(Directions for this task)
Please retype the records below exactly, leaving out any pictures.

(Exercise data)
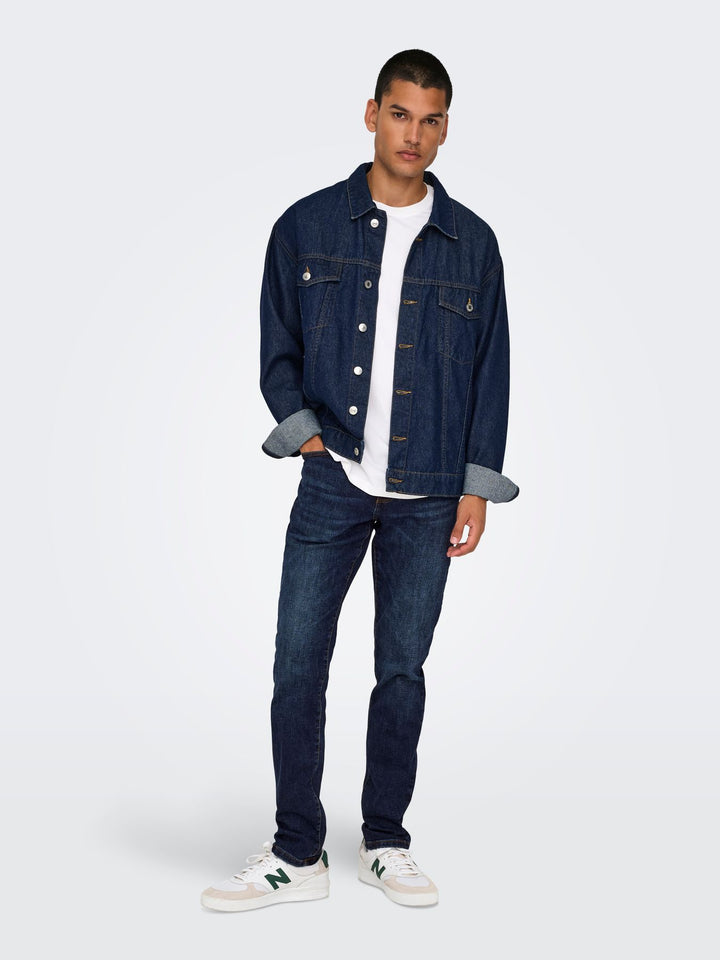 Herren Slim Fit Jean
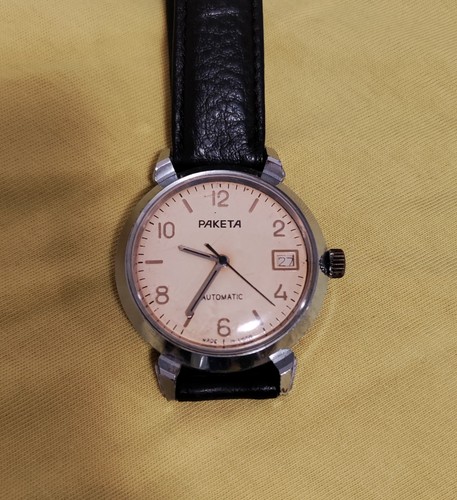 Orologio russo raketa cccp - russo,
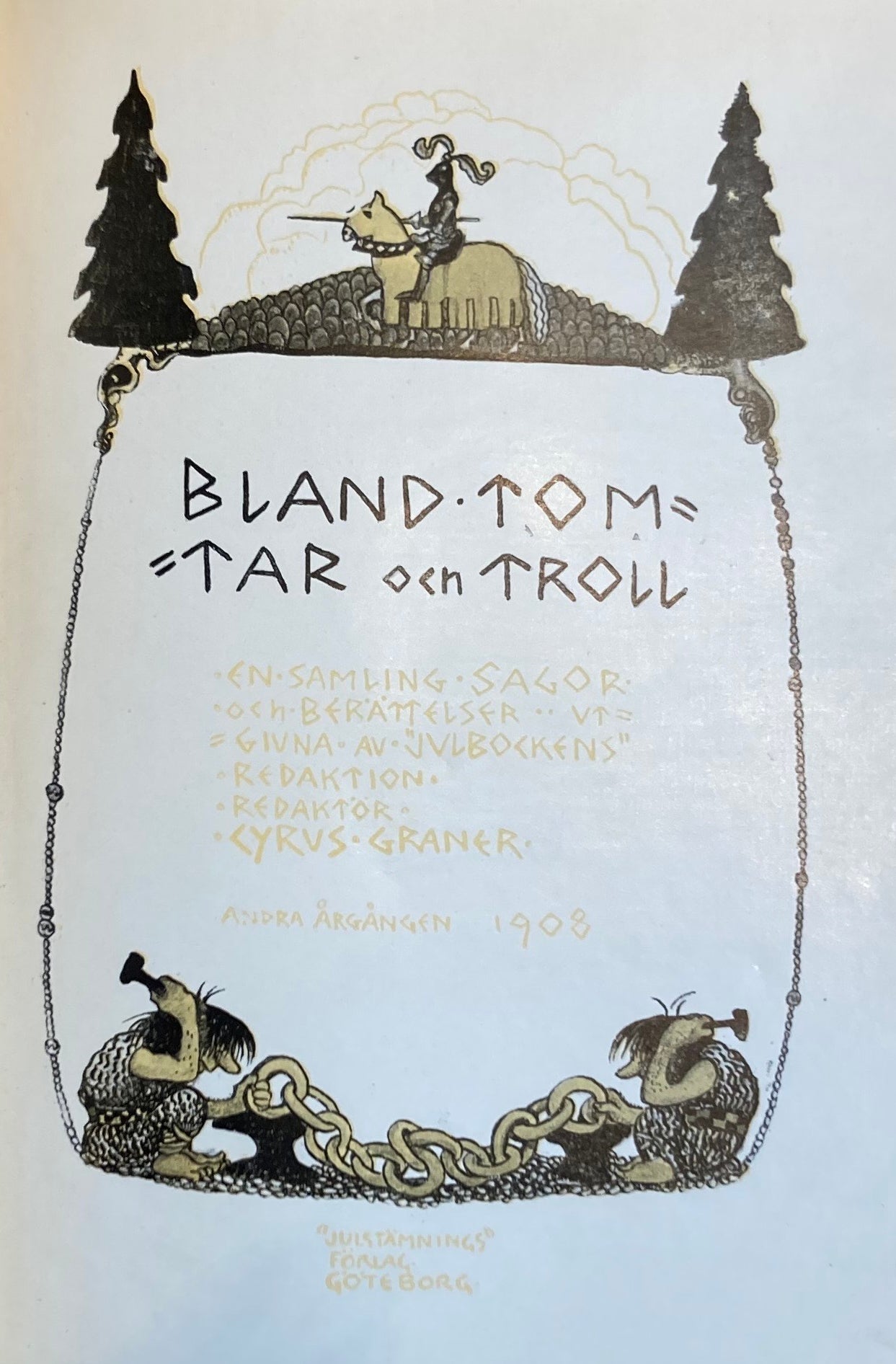 Bland Tomtar Och Troll #2 - Classic Swedish Children's Book for Bedtime Stories & Family Reading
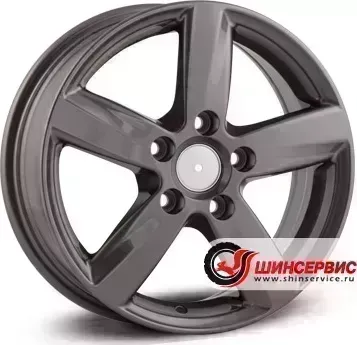 Диск автомобильный Legeartis Optima VW51 R15 / 6.0J PCD 5x112 ET 47.00 ЦО 57.10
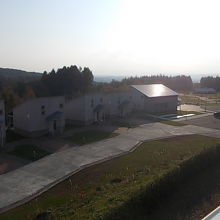 こうした宿泊棟も整備されています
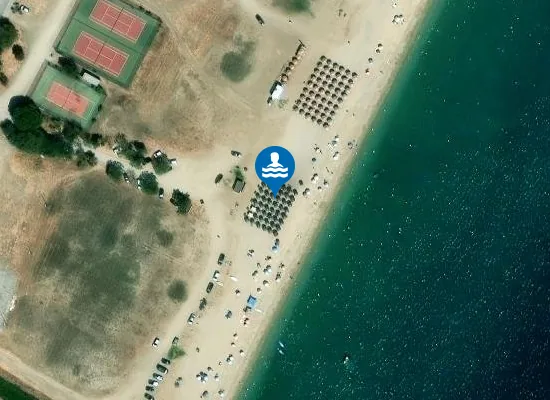 Satellite image of Assamaris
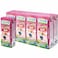Lacnor Essentials UHT Strawberry Flavoured Milk, 180ml Pack of 8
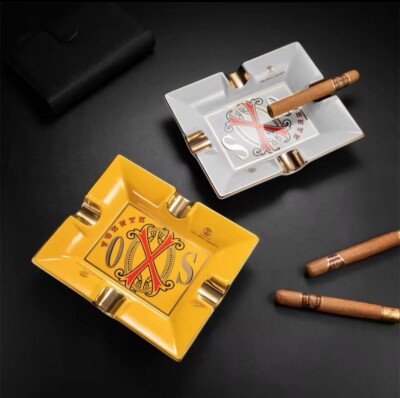 Arturo Fuente Opus X Cigar Ashtray Ceramic 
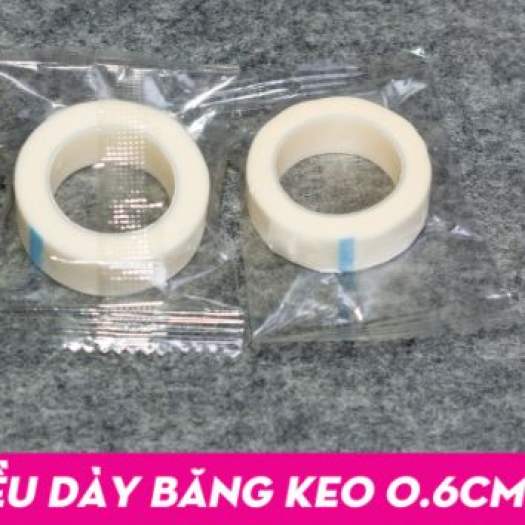 Băng keo lụa nối mi (1 cuộn)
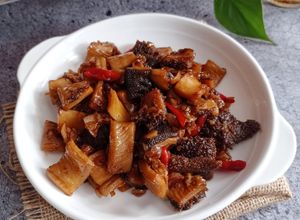 Foto resep Babat Masak Gula Asem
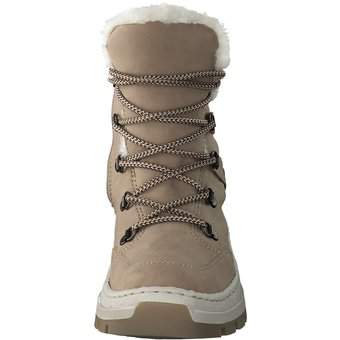 Rieker Schnürstiefelette in braun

(Worked solution)
 Herren Slim Fit Jean
 Orologio russo raketa cccp - russo,
 Bland Tomtar Och Troll #2 - Classic Swedish Children's Book for Bedtime Stories & Family Reading
 Диск автомобильный Legeartis Optima VW51 R15 / 6.0J PCD 5x112 ET 47.00 ЦО 57.10
 こうした宿泊棟も整備されています
 Satellite image of Assamaris
Lacnor Essentials UHT Strawberry Flavoured Milk, 180ml Pack of 8
 Arturo Fuente Opus X Cigar Ashtray Ceramic 
 Băng keo lụa nối mi (1 cuộn)
 Foto resep Babat Masak Gula Asem
 Rieker Schnürstiefelette in braun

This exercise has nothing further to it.